◆ **EXERCISE DIRECTIONS**: I'd like the data below restated word for word, with the pictures left out.

━━━━━━━━━━

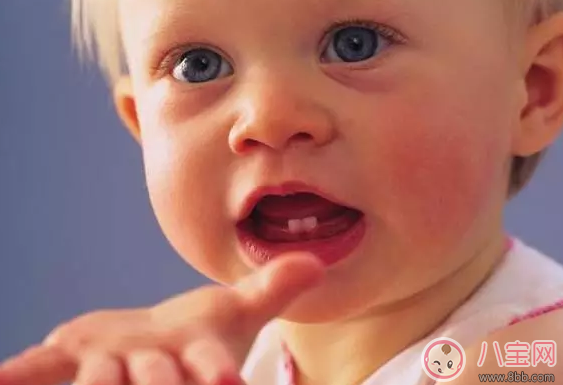 寶寶長牙順序不對怎么辦 寶寶先長旁邊的門牙正常嗎 寶寶長牙順序不對怎么辦 寶寶先長旁邊的門牙正常嗎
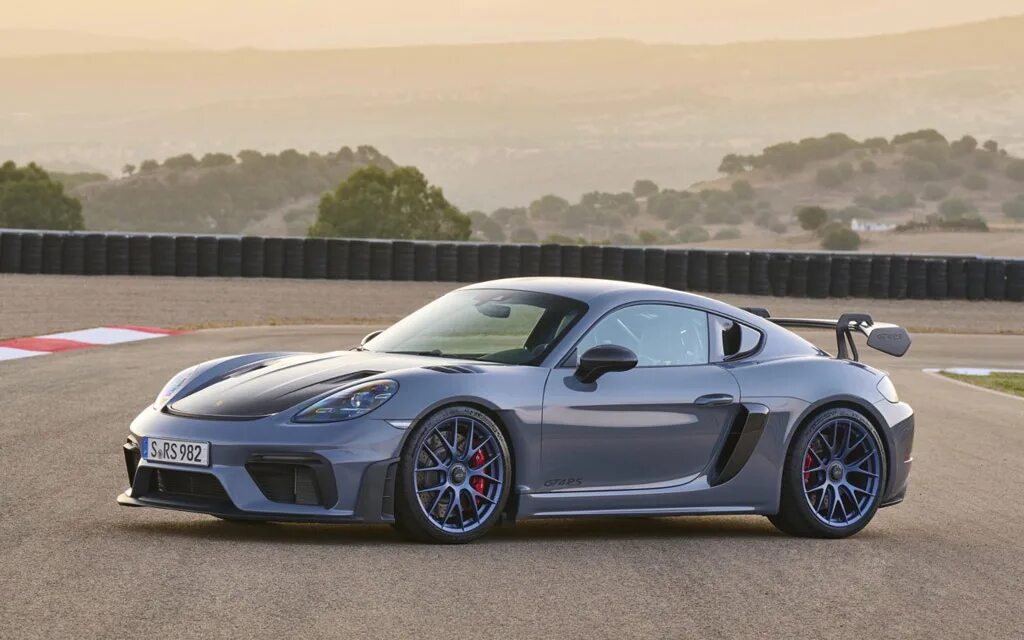 Gt4 max приложение. Porsche cayman gt4 2025. порше кайман 2025. porsche 718 cayman gt4 rs 2025. порше кайман gt4 rs.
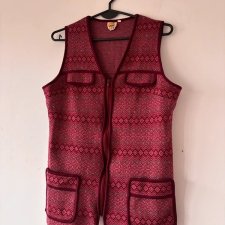 Ciepła długa kamizelka vintage w geometryczny wzór, 50% wełna, idealna na chłodne dni S / 36 / 8·Bardzo dobry·Pesail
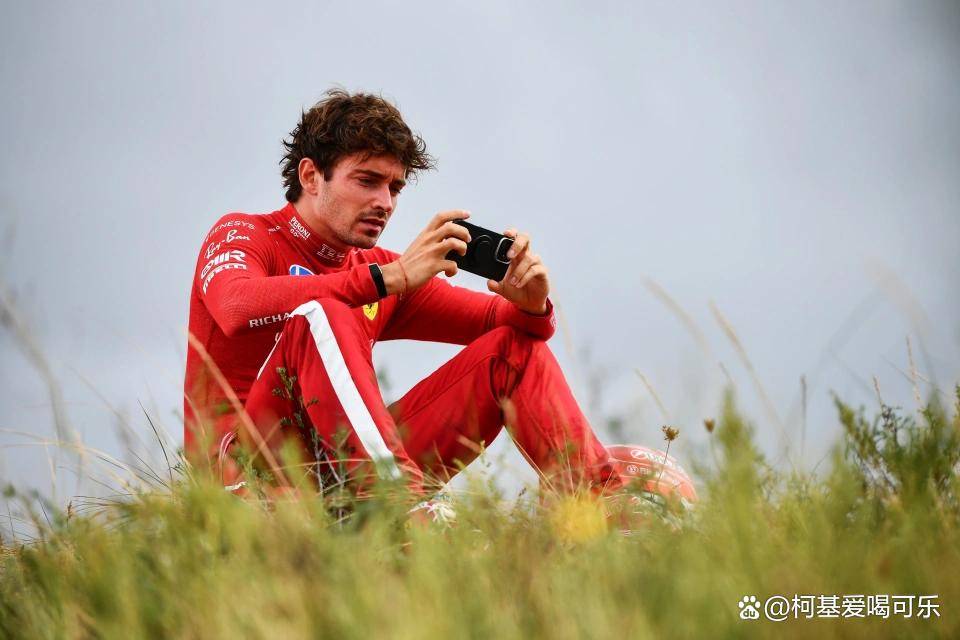 红牛车队逆转哈斯车队，皮亚斯特里扛起全队的简单介绍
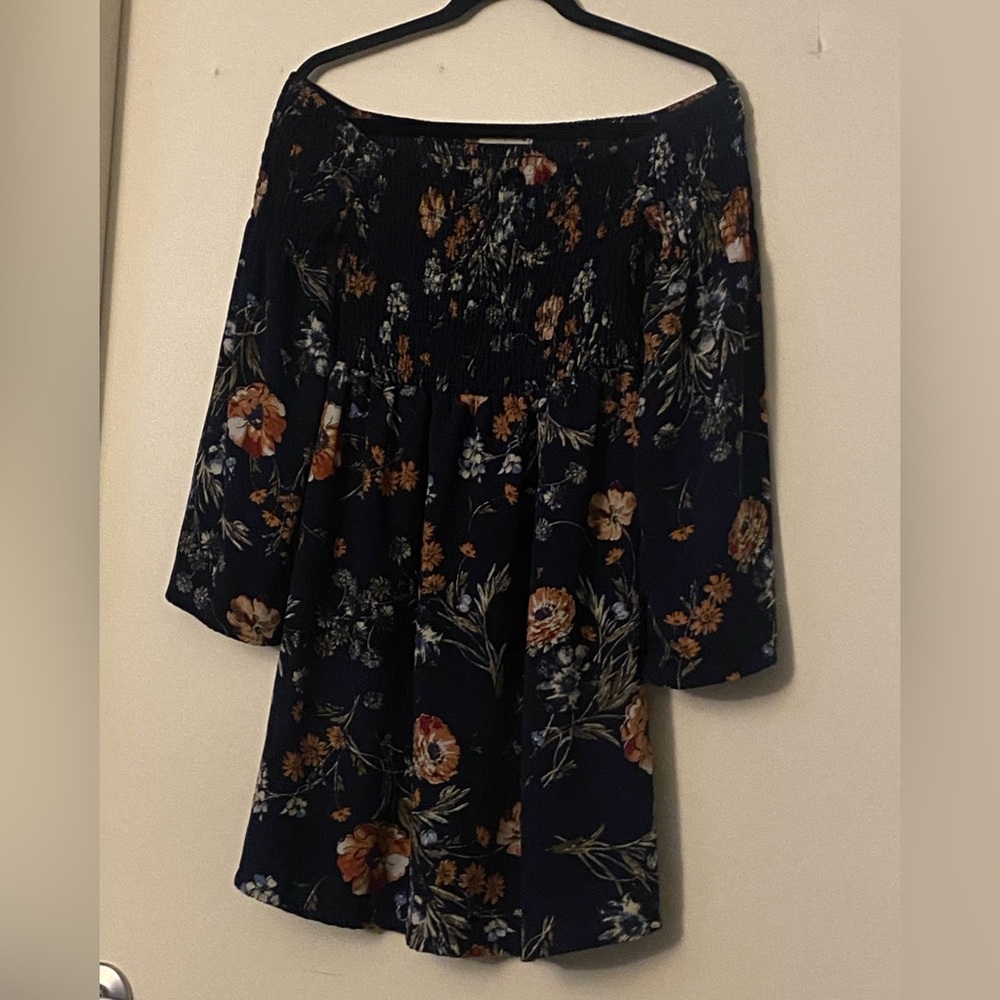 Live To Be Spoiled Junior M off shoulders navy floral long sleeve dress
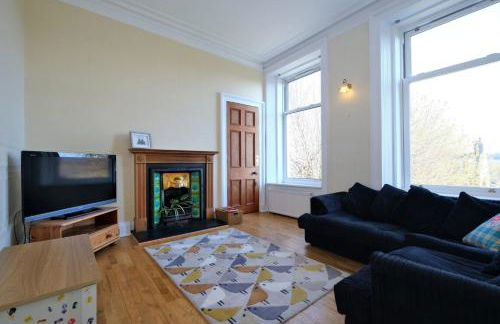 Flat in Cults perfect for Royal Deeside visits - Photo 23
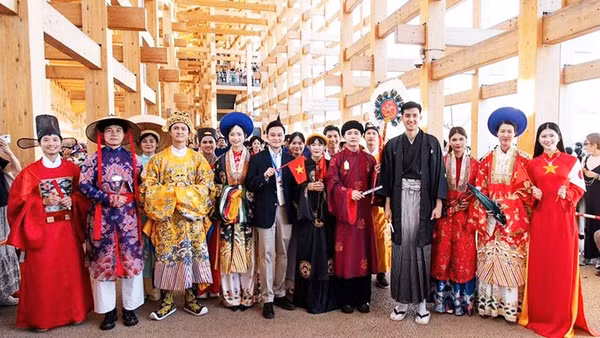 Coco và cộng sự trong một sự kiện giới thiệu cổ phục Việt.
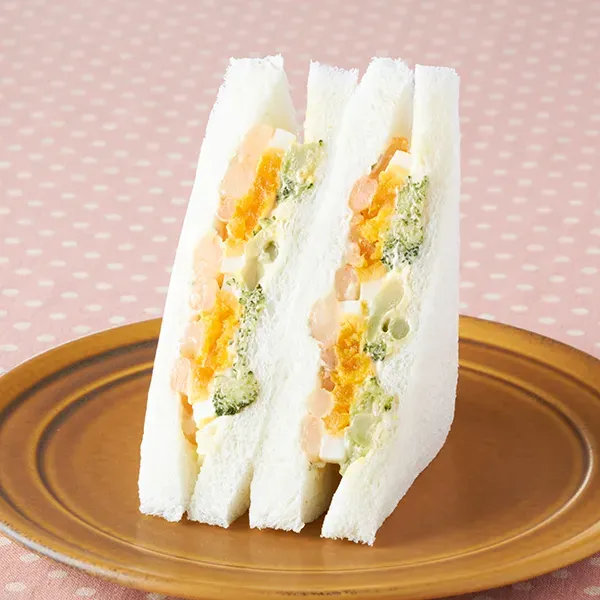 Egg & Shrimp Broccoli Sandwich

━━━━━━━━━━

◆ **RESPONSE TO THIS TASK**:
 寶寶長牙順序不對怎么辦 寶寶先長旁邊的門牙正常嗎 寶寶長牙順序不對怎么辦 寶寶先長旁邊的門牙正常嗎
 Gt4 max приложение. Porsche cayman gt4 2025. порше кайман 2025. porsche 718 cayman gt4 rs 2025. порше кайман gt4 rs.
 Ciepła długa kamizelka vintage w geometryczny wzór, 50% wełna, idealna na chłodne dni S / 36 / 8·Bardzo dobry·Pesail
 红牛车队逆转哈斯车队，皮亚斯特里扛起全队的简单介绍
 Live To Be Spoiled Junior M off shoulders navy floral long sleeve dress
 Flat in Cults perfect for Royal Deeside visits - Photo 23
 Coco và cộng sự trong một sự kiện giới thiệu cổ phục Việt.
 Egg & Shrimp Broccoli Sandwich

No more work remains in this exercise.